Sweden is one of the best countries in the world when it comes to ice hockey, so the skill level and competition is high. But their youth hockey culture isn’t quite as demanding compared to the Penguins’ approach, as their philosophy revolves around pushing athletes out of their comfort zone to maximize their potential.

“It was awesome because they really appreciated the coaching,” Mueller said. “Just that level of intensity, they’re craving for that kind of stuff. From a skill set perspective, they’re really, really high end. But playing with pace and playing that North American style, they don’t have that sense of urgency because the Olympic ice is so much bigger. So we were able to kind of shrink the ice a little bit and create that intense small ice field where you have to move the puck a lot quicker.

“They liked that strictness, and they liked the purpose of the training and the purpose of the off-ice training. They never experienced that aspect of it.”

It obviously didn’t have the same educational aspect as the EXCEL Hockey Academy, but the Penguins staff did work in some seminars about different North American options that the campers weren’t familiar with – which has already helped start one camper on a new path .

“One guy signed up with Pittsburgh and he’s moving over in August,” Adler said. “He’s an ’07, and he’s going over to Pittsburgh to play for the EXCEL Hockey Academy.”

Meanwhile, Adler handled all of the logistics. The camp was held at Malmö Arena in southern Sweden, a new complex that is home to the Malmö Redhawks of the Swedish Hockey League, the country’s top professional league. There is a main rink, a training rink (which the camp used), a restaurant and a hotel all in the same building, which perfectly suited the camp’s purposes. Once all of that was figured out, before they knew it, all of the spots had been snapped up.

“We thought we were gonna have to fight to fill all the spots, but we filled it up in a month and a half,” Adler said. “And we only did Facebook advertising. The total sum of our advertising was about $1,000, and we filled up 180 spots, with the rest of the kids coming from (PP Hockey). And what’s really cool is there’s so many hockey camps in Sweden . Every city, every week, there’s summer camps everywhere, and we still managed to get almost 200 players to come.”

It’s a powerful example of the reach that the Penguins have. While the kids were given Penguins apparel, many of them already possessed some, with Adler saying “you see every third or fourth kid with an NHL cap, and it’s Pittsburgh.” That was especially impressive to him considering that historically, the Penguins have never had superstar players from Sweden.

“But they all came and they had their sweatshirts and their hats and their favorite players, like Crosby and (Evgeni) Malkin,” Mueller said. “There was very big support of the Penguins.”

And with the camp, they were able to show the power of the Penguins brand, and how the organization operates at such a high level in every facet – including youth hockey. No other NHL team has the type of dedicated full-time staff and detailed curriculum for their camps and programs that Pittsburgh does, and the campers in Sweden were grateful for a chance to experience that.

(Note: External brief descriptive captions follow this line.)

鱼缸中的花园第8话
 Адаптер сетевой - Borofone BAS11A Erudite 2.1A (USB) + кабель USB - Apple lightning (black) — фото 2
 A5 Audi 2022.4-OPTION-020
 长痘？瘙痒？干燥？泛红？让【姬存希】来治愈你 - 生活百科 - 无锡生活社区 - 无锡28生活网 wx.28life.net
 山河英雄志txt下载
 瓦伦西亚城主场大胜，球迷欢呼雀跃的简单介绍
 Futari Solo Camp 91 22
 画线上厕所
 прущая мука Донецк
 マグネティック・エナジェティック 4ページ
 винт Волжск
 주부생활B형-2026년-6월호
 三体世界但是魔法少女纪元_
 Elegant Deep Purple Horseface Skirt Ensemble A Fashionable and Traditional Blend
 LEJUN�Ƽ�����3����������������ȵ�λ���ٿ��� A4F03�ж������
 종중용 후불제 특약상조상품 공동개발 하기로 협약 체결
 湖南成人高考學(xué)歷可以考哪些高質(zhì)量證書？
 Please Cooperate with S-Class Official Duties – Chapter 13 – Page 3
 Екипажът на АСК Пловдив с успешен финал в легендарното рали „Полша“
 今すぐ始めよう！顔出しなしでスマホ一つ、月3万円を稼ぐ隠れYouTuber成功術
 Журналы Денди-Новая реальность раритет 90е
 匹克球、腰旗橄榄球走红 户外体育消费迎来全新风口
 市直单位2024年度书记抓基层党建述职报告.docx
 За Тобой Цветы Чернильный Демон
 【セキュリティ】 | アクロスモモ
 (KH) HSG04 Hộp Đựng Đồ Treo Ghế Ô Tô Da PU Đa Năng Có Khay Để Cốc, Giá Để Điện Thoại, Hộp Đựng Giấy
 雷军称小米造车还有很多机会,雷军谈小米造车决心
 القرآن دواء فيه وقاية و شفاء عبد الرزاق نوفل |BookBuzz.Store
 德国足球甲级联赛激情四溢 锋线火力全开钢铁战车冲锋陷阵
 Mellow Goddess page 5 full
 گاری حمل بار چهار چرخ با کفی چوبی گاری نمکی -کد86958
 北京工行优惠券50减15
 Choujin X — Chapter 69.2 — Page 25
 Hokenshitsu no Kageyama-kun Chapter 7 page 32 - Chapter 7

“We’re used to high standards and we’re used to good training, and this was a little bit better than everybody was used to,” Adler said. “So everybody was just extremely happy and surprised with the high level of everything.”

Moving forward, both sides hope to take this partnership to another level by not only holding another summer session, but setting up a Penguins Europe youth hockey team. It will consist of players from Europe that will play tournaments both on their home soil and in Pittsburgh.

“I already have a lot of people who went to the camp and loved it, and they keep asking, what is happening now, what are you gonna do next? Next year, are you setting up a team?” Adler said with a laugh. “It’s a little bit more than I thought when we were first checking out the summer camp in Pittsburgh.”